The worst Aussie show I have seen since The Librarians.
Posted by: Professor Rosseforp | 08 July 2008 at 08:19
oh Professor: not smart enough to avoid anything with NoNo Noni in it.
The merest glimpse of her gurgly effervescence makes me ill.
Her ex, however, was pretty damn good in The Great McCarthy.
Bed of Roses was shite because Heather Jelly wasn't in it.
I enjoyed Shirley's brother Ben Valentine because Muldoon and the Magistrate stirred fond memory of Grass Roots, and because I thought the local band was shite. Re suspension of disbelief: a great deal of it is also required to enjoy Hollywood's major productions by zillion-dollar directors and screenwriters.
Tayles, you may be a curmudgeonly obsessive, but you'll always be a Dynamic Forward for me.
(and you haven't changed a bit).
Posted by: dysthymiac | 08 July 2008 at 11:43
FX: With you on the "Valentine boosterism"; there was a shedload of that on the ABC over recent weeks. Not that boosterism is restricted to just V-Day. Aunty has an rude habit of boosting all their shows on both rayjo, net and the telly. Yes - fully aware of commercial network advertising. But Aunty do it in a "we think we're better than them" way which smacks of smug. Convos on the Convo Hour, interviews on Faine and equivalent stations interstate, chums... sorry, friends of the ABC at Fairfax. Then they try to pretend it's not really advertising, when really it's plug-city.
Don't think I'm as down on the country as you. I work in an industry that is based wholely and solely in Melb, but if someone said "We are moving to Taralgon, as you prepared to move there?" I would say "Yeah, no worries."
2Bar: And the choice of a previous generation. Although, not mine. For some reason - sponsorhip contra, probably - we only had Pepsi. Mind you, at least when you have Pepsi, not Coke, you are spared the hideousness of Fanta when you feel like an orange.
Prof: Is CH as bad as CR? Or Canal Road, as Nine called it despite that being a very American term, not even slightly likely to be used on the canals and roads of Melbourne.
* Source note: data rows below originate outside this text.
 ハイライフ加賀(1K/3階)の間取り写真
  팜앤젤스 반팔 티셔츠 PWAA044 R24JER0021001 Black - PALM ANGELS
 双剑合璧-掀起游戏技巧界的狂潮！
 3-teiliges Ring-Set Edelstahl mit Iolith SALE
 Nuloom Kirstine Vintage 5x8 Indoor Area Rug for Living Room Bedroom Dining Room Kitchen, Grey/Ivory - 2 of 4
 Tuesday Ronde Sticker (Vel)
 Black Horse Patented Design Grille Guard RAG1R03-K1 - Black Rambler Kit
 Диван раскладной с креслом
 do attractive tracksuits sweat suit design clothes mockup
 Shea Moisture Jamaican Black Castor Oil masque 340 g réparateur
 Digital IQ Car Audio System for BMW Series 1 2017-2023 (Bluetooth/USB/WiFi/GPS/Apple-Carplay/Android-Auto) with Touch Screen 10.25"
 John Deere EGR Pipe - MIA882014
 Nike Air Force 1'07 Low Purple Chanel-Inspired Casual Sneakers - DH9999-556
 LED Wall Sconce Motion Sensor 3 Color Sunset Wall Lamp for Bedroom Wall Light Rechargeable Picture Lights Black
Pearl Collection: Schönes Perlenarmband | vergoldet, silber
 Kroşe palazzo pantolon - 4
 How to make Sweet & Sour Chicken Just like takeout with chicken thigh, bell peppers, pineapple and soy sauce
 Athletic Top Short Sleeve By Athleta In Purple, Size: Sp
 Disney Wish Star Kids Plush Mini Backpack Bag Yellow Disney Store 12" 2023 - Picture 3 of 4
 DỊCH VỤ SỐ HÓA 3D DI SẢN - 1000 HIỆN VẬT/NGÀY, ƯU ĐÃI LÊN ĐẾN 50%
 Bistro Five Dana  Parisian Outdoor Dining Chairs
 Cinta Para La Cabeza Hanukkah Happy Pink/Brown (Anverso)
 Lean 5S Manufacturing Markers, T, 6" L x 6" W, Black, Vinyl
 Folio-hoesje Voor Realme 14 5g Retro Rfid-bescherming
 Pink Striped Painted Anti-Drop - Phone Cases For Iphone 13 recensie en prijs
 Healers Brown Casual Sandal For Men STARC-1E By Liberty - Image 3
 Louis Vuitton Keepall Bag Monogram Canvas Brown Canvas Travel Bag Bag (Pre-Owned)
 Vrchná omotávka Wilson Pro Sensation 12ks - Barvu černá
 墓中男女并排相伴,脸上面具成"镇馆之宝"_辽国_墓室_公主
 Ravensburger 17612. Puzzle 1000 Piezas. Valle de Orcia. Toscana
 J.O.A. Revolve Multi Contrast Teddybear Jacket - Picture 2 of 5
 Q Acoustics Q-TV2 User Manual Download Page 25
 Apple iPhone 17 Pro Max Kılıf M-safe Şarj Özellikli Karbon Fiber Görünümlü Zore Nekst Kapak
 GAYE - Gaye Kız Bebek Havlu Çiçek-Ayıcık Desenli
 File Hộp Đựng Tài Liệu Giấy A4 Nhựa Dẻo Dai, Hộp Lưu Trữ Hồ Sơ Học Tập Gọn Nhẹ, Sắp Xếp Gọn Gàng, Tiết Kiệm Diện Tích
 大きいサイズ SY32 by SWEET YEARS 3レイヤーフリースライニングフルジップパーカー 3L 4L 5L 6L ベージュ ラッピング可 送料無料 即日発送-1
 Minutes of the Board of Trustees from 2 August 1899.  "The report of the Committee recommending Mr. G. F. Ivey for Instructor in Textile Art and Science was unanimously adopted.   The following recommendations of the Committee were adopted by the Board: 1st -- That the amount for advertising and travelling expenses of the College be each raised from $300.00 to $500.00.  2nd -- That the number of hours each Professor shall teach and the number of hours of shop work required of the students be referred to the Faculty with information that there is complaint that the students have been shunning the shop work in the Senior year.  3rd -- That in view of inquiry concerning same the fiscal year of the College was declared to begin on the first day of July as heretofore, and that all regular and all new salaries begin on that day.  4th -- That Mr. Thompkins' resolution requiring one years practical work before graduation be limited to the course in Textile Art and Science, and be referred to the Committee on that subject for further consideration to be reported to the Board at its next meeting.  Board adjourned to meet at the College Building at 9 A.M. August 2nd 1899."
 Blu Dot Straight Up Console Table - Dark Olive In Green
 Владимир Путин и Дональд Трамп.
Push-up time! Drop and give me acty!
Dys: Whenever I see the magistrate, I think of those Roo-Boy ads for North Melbourne. And I agree with the suspension of belief and thought VD was almost good enough in other departments to almost cover for the SoB factor. Almost. Like I said, it was OK. Excluding the footy faux pas, there were other false notes. But the... ahem, excuse the vernacular: fat chick from The Wedge made me laugh.
I'm now a Lethargic Froward.
Posted by: Tony T | 08 July 2008 at 14:59
And what was with the football oval. Rushworth is surrounded by ironbark bush( and has a nearby ghost town with the terrific sounding name Whroo) where it hasn't rained since Richmond had a backline, and yet the oval is a mud-heap. It is obvious to anybody who has followed country footy that it was actually the Mt Evelyn Football Ground. (Slogan - I'm a mountain man and i love......)
What gives?
Posted by: chrisl | 08 July 2008 at 16:55
I might have to have a look then chrisl. I umpired a few games at Mt Evelyn and nearly did my ankle and/or knee a few times when they were trying to install some drainage.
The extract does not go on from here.